For a convex function $f: \mathbb R^n \rightarrow (-\infty, +\infty]$, define its *proximal operator*

$$\text{prox}_{\lambda f}(a) := \underset{x \in \mathbb R^n}{\text{argmin }} \frac{1}{2}\|x-a\|_2^2 + \lambda f(x),$$

where $\lambda > 0$ is a varying parameter.

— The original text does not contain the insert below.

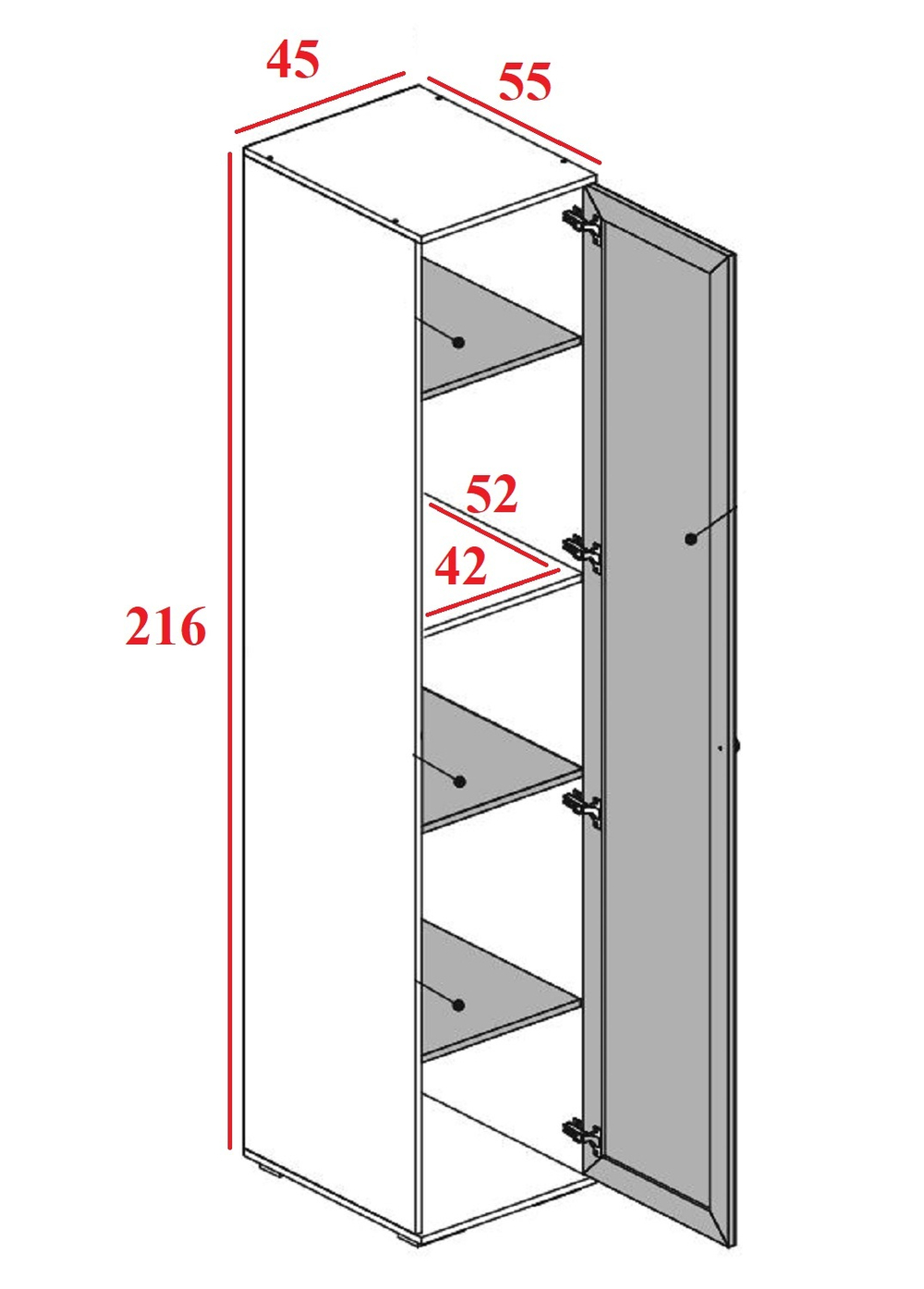 Пенал с полками правый РШ-22 Ричард, Ясень анкор светлый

Think of this as generalizing the notion of projection onto a convex set, where the *indicator function* is replaced with a more general $f$.
Your problem amounts to computing the proximal operator of the $\ell_1$-norm.

Define the (Legendre) *convex conjugate* of $f$ by

$$f^*(a) := \max_{x \in \mathbb R^n}\langle a, x\rangle - f(x).$$

Now, if $f := \|.\|_1$, and we define the cube $C^{(n)} := \{z \in \mathbb R^n|\|z\|_\infty \le \lambda\} = C^{(1)} \times \ldots \times C^{(1)}$, then $f^*\left(\frac{a}{\lambda}\right) = i_{C^{(n)}}(a)$ (see why here), and so
$$\text{prox}_{\frac{1}{\lambda} f^*}\left(\frac{a}{\lambda}\right) = \ldots = P_{C^{(n)}}(a) = (P_{C^{(1)}}(a_1),\ldots,P_{C^{(1)}}(a_n)) = (\lambda \text{sgn}(a_1), \ldots,\lambda\text{sgn}(a_n)),$$
the euclidean projection of $a$ onto the cube $C$. Thus by the Mureau identity, we get
$$ \text{prox}_{\lambda f}(a) = a - \text{prox}_{\frac{1}{\lambda} f^*}\left(\frac{a}{\lambda}\right) = a - P_{C^{(n)}}(a) = (a_1 - \lambda \text{sgn}(a_1), \ldots, a_n - \lambda \text{sgn}(a_n)) = (S_\lambda(a_1),\ldots, S_\lambda(a_n)),$$
where $S_\lambda: t \mapsto \text{sgn}(t)(t - \lambda)_+$, the *soft-thresholder*.

**N.B.:** $\text{sgn}(0) := 0$. Also, note that $t = |t|\text{sgn}(t)$, for all $t \in \mathbb R$.

Hope this helps. I can provide finer details if needed.